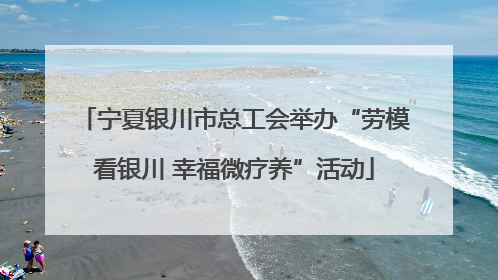 宁夏银川市总工会举办“劳模看银川 幸福微疗养”活动
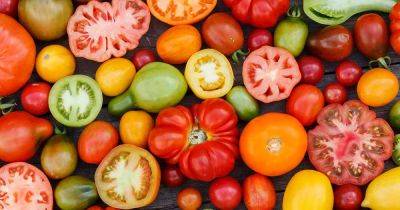 How Does Color Impact Tomato Flavor? - gardenerspath.com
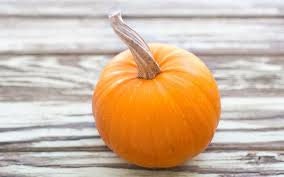 Heirloom Organic Small Sugar Pumpkin seeds package, GrowTime Garden Supply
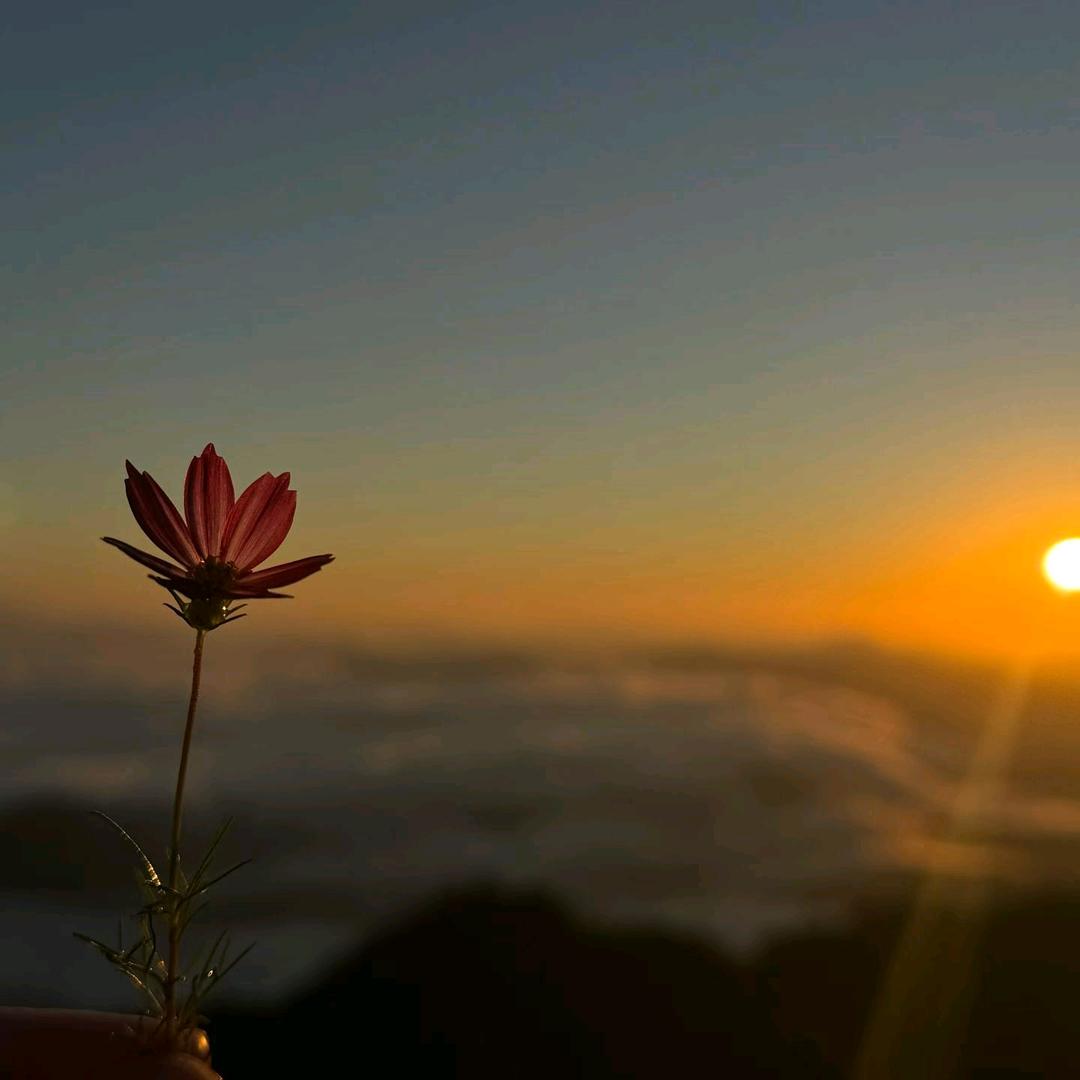 渣渣苏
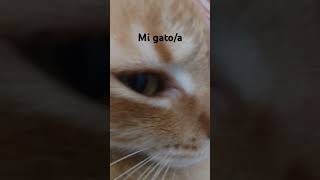 mi gatita princesa 😂 [upl. by Marabelle]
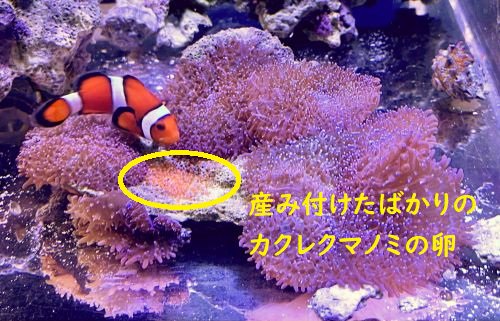 八重山産 カクレクマノミペア 水槽内産卵ペア - マリンルートワン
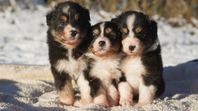 Underbara Australian Shepherd Valpar 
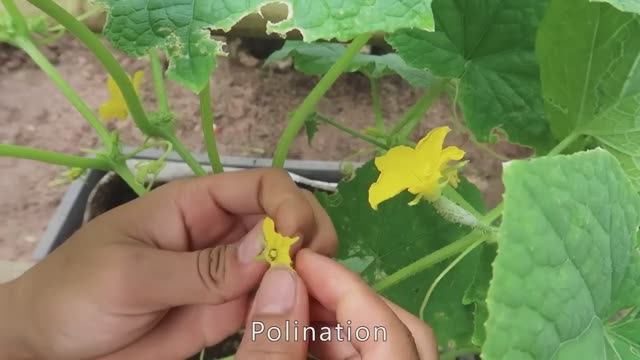 Выращивание огурцов из семян. Полив Подкормка. Формировка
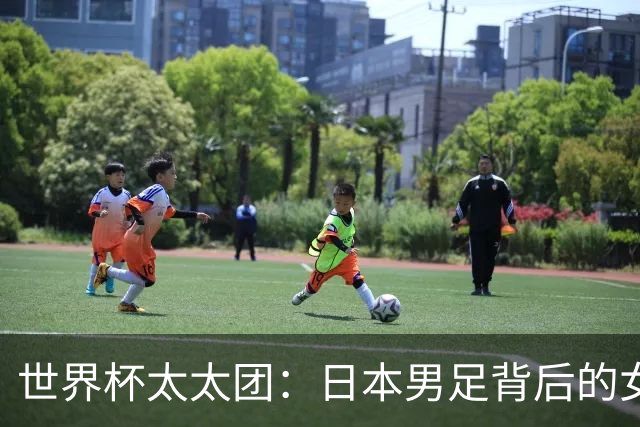 世界杯太太团：日本男足背后的女人，上田绮世、久保健英、田中碧最幸福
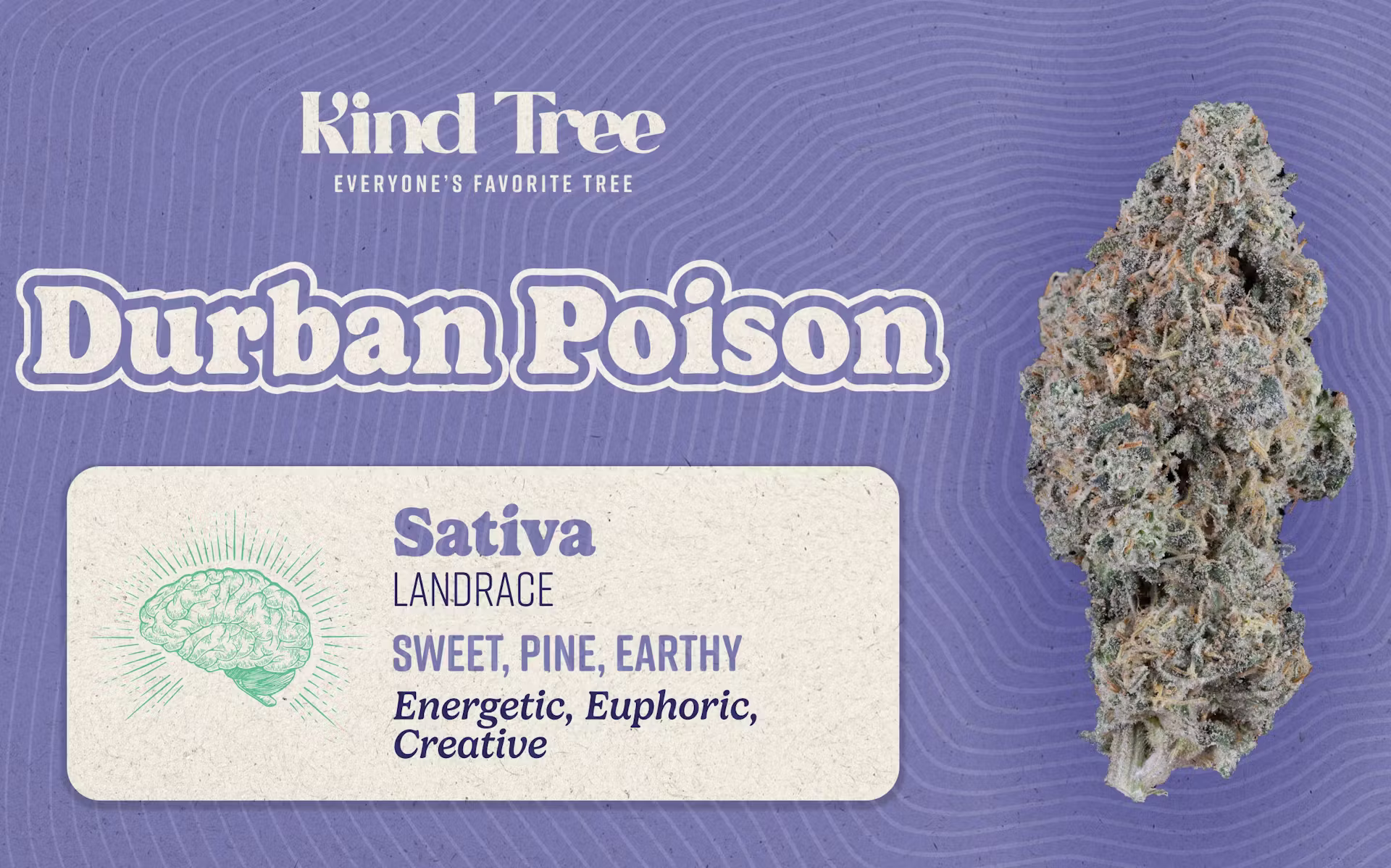Durban Poison Kind Tree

● YOUR OBJECTIVE: Transcribe every entry exactly. Leave out the pictures.

● RESPONSE TO THIS EXERCISE:
 宁夏银川市总工会举办“劳模看银川 幸福微疗养”活动
 How Does Color Impact Tomato Flavor? - gardenerspath.com
 Heirloom Organic Small Sugar Pumpkin seeds package, GrowTime Garden Supply
 渣渣苏
 mi gatita princesa 😂 [upl. by Marabelle]
 八重山産 カクレクマノミペア 水槽内産卵ペア - マリンルートワン
 Underbara Australian Shepherd Valpar 
 Выращивание огурцов из семян. Полив Подкормка. Формировка
 世界杯太太团：日本男足背后的女人，上田绮世、久保健英、田中碧最幸福
Durban Poison Kind Tree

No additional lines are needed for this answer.